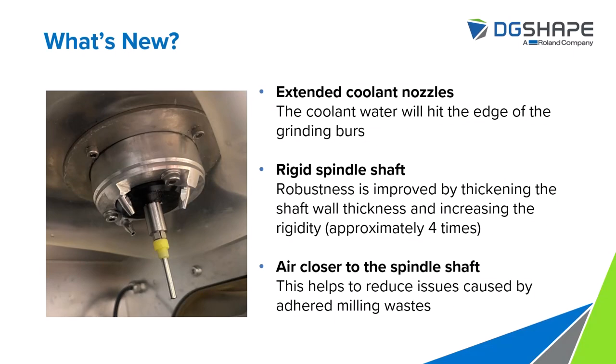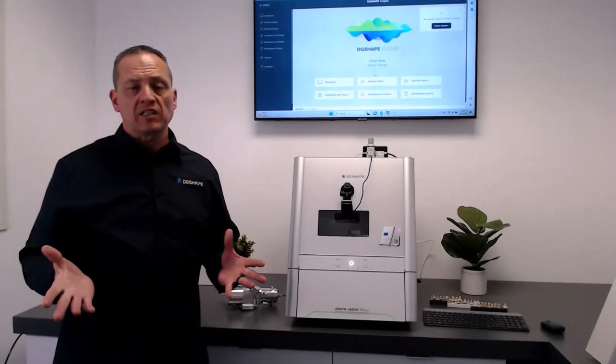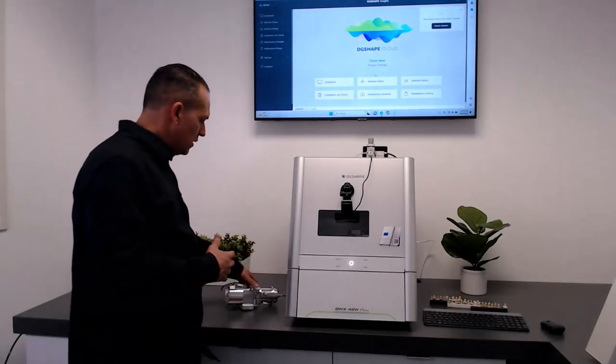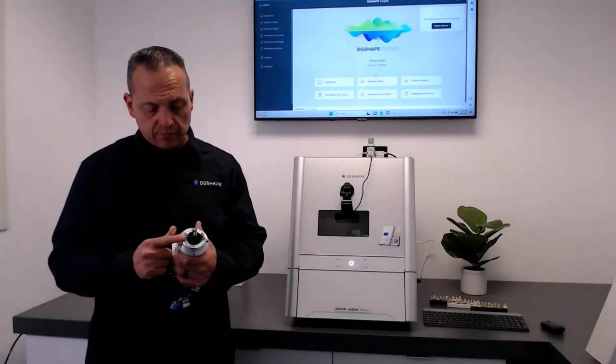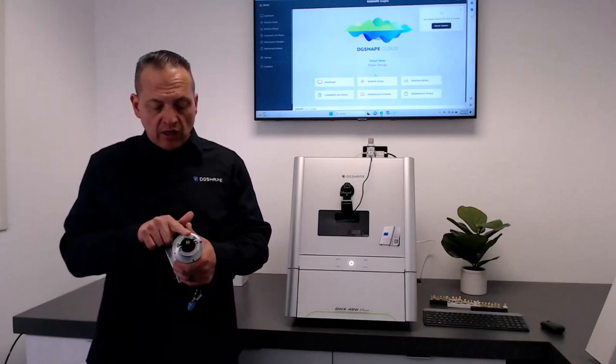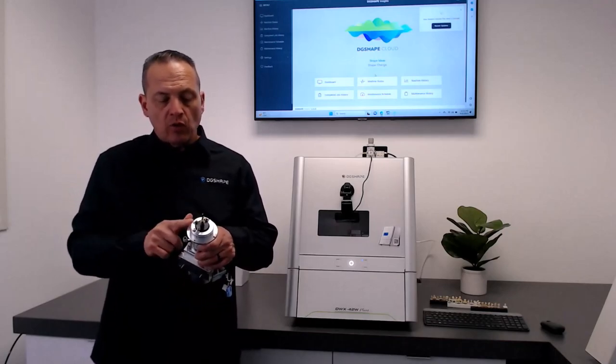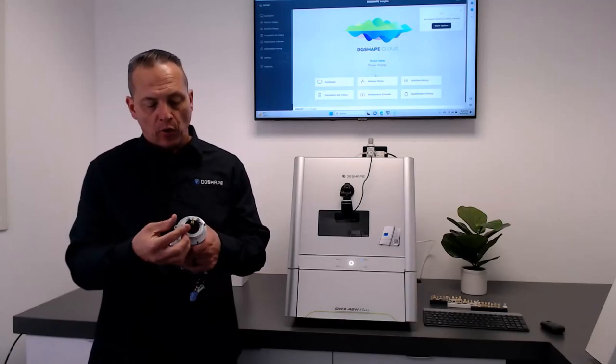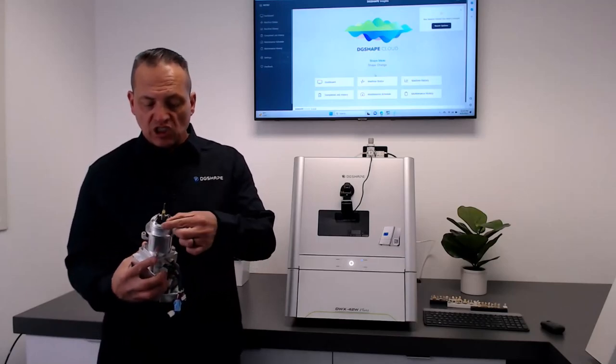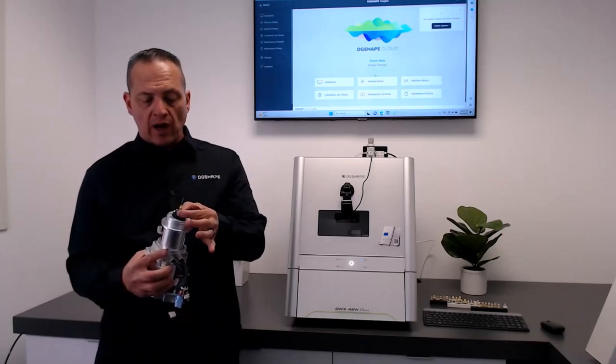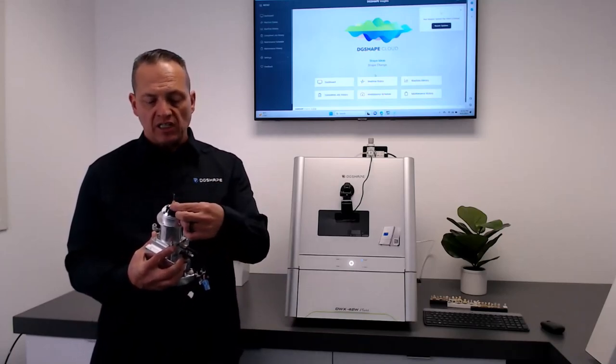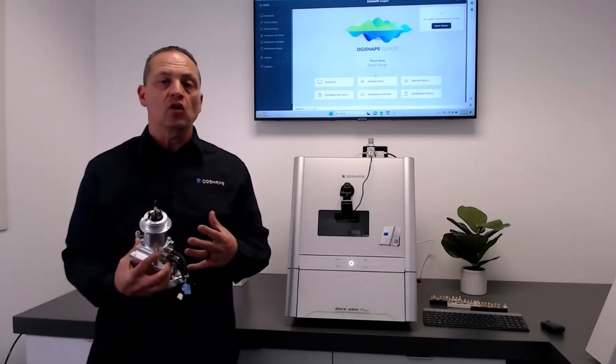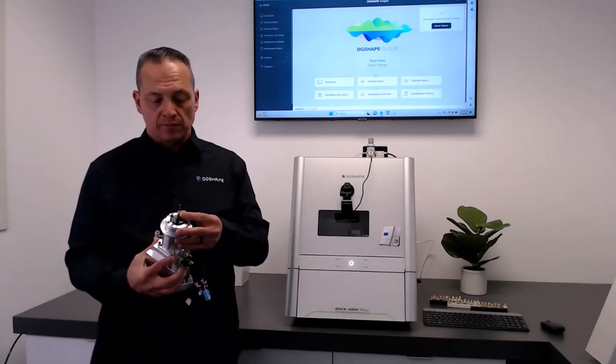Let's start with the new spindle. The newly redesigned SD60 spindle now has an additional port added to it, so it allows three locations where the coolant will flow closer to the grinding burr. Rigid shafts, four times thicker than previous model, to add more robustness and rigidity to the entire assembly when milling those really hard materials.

...

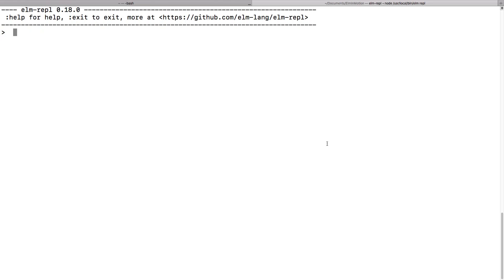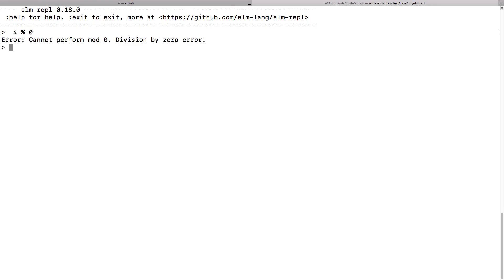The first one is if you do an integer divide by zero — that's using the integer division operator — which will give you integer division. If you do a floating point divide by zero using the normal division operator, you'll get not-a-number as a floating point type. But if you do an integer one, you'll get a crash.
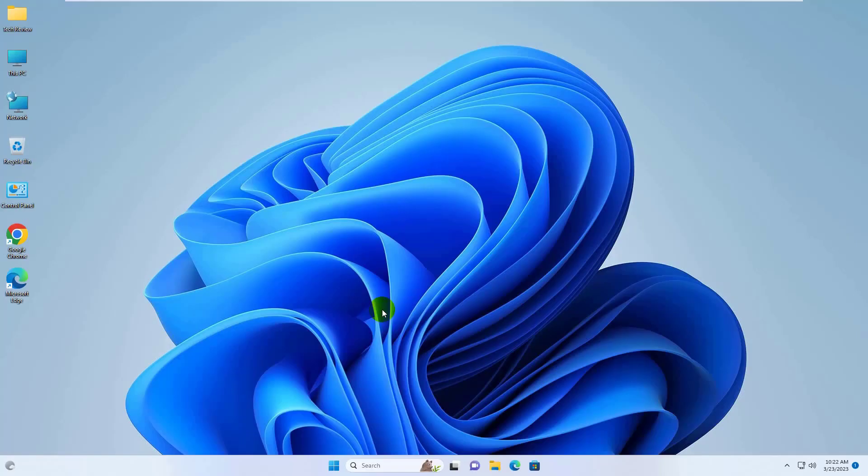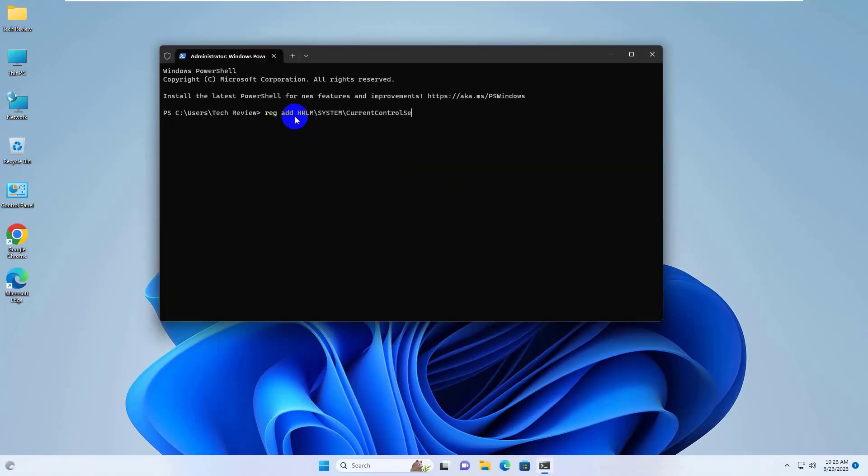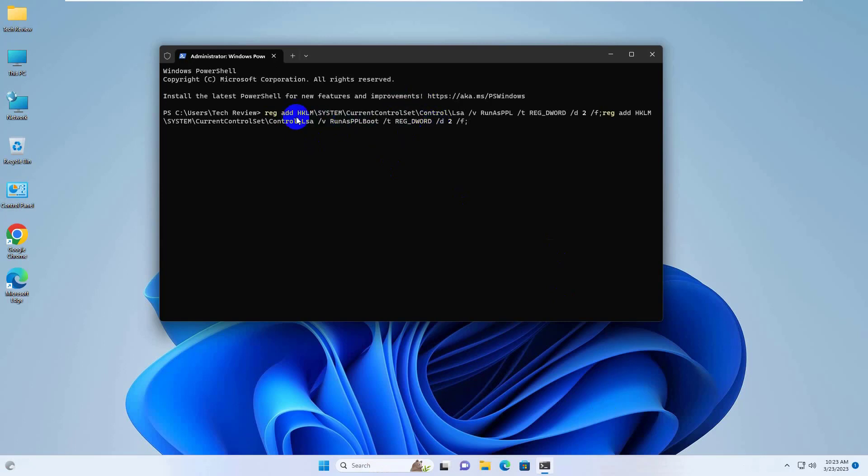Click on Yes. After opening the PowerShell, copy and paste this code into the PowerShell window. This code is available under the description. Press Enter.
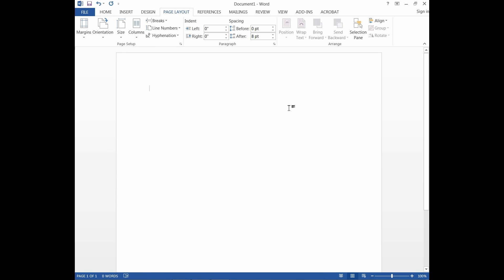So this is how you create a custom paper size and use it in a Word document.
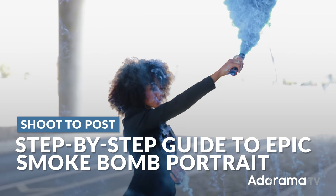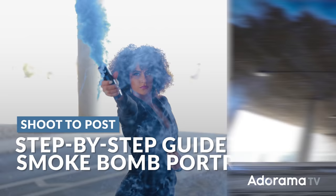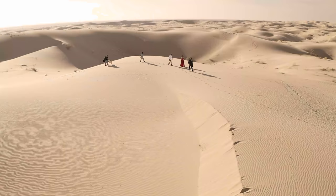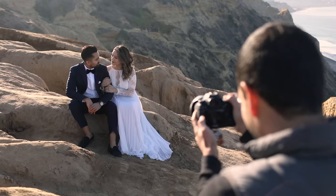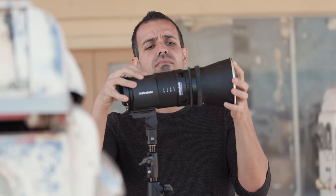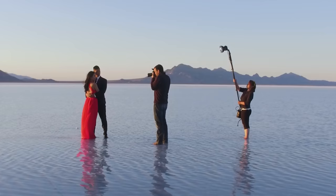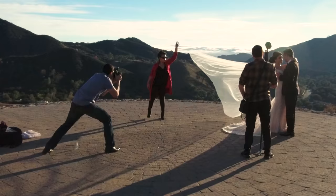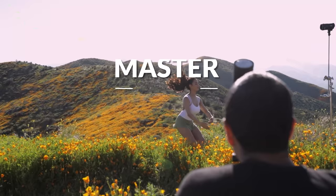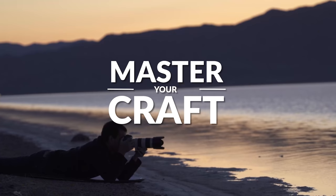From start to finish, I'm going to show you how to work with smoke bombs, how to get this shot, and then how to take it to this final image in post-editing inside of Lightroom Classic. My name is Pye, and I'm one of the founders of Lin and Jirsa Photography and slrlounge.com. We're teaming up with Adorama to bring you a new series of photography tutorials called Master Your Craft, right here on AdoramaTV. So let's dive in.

Problem details: Above are the records. Copy word for word only their lines from the one holding "Click on Yes." through the one holding "From start to", both included, and skip the images.

Solution:
Click on Yes. After opening the PowerShell, copy and paste this code into the PowerShell window. This code is available under the description. Press Enter.
So this is how you create a custom paper size and use it in a Word document.
From start to finish, I'm going to show you how to work with smoke bombs, how to get this shot, and then how to take it to this final image in post-editing inside of Lightroom Classic. My name is Pye, and I'm one of the founders of Lin and Jirsa Photography and slrlounge.com. We're teaming up with Adorama to bring you a new series of photography tutorials called Master Your Craft, right here on AdoramaTV. So let's dive in.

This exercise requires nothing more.